(Source records)
---

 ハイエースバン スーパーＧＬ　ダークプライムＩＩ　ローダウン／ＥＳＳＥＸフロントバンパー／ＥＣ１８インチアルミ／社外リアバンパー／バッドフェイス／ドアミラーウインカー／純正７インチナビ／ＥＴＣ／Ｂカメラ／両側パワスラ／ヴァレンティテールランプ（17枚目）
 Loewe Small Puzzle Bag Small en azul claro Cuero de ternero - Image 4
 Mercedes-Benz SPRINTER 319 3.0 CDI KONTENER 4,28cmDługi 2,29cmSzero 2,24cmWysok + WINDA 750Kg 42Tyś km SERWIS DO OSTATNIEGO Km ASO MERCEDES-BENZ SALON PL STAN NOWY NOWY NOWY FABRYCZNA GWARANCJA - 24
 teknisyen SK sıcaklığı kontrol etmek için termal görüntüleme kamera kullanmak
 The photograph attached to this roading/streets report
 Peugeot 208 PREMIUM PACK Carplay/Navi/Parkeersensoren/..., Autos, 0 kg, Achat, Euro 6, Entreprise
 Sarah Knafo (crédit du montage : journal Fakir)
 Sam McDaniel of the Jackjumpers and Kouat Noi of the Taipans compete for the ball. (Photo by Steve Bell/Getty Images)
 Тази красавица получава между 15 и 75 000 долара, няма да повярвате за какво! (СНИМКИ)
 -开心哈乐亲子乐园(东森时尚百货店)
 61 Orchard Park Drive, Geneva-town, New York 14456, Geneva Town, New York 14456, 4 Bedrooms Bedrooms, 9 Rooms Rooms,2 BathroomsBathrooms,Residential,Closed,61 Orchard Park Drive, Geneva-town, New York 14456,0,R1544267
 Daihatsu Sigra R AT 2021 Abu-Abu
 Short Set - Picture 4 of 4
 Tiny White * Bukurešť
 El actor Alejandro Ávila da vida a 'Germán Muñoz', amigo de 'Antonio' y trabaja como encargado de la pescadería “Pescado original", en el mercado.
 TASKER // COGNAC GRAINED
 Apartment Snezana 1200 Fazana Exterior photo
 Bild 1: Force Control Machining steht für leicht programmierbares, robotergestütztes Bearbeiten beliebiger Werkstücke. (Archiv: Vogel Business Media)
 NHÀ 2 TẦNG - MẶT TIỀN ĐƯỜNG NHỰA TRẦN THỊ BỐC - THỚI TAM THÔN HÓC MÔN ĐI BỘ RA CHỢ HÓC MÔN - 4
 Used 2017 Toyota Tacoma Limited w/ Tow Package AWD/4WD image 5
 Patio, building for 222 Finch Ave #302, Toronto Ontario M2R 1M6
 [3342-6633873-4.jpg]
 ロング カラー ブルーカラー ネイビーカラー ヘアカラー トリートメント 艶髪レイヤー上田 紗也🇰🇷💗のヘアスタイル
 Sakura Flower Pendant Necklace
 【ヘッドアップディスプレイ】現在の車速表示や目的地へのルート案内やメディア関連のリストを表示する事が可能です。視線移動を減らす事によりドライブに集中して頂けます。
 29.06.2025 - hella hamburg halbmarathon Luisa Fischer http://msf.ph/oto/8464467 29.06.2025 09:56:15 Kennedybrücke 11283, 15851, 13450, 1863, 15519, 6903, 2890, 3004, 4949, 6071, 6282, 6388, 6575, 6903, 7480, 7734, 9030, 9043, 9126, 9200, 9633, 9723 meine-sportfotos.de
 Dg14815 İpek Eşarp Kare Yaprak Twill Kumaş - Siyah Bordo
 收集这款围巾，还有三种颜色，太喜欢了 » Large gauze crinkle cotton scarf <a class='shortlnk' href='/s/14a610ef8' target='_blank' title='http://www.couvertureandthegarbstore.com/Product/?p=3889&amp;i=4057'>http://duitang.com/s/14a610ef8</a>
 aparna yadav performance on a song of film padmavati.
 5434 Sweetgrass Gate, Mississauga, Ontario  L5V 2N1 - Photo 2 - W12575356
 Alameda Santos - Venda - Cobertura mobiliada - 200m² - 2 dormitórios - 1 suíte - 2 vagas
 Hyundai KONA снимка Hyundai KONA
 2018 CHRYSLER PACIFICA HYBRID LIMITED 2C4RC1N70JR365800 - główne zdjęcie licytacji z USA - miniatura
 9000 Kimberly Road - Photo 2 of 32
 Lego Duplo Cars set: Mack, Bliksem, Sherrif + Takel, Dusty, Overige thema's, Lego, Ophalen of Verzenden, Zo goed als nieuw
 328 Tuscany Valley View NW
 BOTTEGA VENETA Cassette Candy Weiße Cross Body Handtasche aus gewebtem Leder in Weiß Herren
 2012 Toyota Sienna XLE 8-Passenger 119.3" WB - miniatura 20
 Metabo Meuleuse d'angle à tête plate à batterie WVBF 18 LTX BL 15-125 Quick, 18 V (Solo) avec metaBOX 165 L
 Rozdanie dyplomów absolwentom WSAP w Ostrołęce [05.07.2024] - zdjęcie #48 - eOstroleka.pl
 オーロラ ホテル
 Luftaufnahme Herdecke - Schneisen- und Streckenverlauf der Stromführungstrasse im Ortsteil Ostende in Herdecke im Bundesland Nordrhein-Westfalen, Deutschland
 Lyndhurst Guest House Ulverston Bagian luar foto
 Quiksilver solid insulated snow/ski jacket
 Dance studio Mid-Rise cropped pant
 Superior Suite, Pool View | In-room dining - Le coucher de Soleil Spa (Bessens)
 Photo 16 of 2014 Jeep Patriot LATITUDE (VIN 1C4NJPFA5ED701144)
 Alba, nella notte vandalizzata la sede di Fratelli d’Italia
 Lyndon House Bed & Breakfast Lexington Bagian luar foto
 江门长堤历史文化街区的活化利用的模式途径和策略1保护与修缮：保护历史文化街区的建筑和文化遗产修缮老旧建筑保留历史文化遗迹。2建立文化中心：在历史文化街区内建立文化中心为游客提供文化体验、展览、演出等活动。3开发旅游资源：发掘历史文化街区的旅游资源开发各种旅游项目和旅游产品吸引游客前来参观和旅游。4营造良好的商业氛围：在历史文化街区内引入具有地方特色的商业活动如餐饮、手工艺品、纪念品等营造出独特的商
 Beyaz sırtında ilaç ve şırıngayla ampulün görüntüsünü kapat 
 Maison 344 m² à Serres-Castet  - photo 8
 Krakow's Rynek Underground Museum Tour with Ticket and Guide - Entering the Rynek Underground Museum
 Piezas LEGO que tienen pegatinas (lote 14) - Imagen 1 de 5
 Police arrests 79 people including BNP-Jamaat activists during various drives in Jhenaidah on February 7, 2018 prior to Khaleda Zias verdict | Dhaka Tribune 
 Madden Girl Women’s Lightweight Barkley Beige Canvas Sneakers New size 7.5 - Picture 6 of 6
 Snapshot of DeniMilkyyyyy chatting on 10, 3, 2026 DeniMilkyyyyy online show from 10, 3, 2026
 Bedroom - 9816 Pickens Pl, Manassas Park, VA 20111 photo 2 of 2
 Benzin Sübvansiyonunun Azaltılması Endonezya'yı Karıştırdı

---

*Work task:* The answer must be the number of lines in the records where the string "House" is found, stated alone.

*Exercise solution:* 2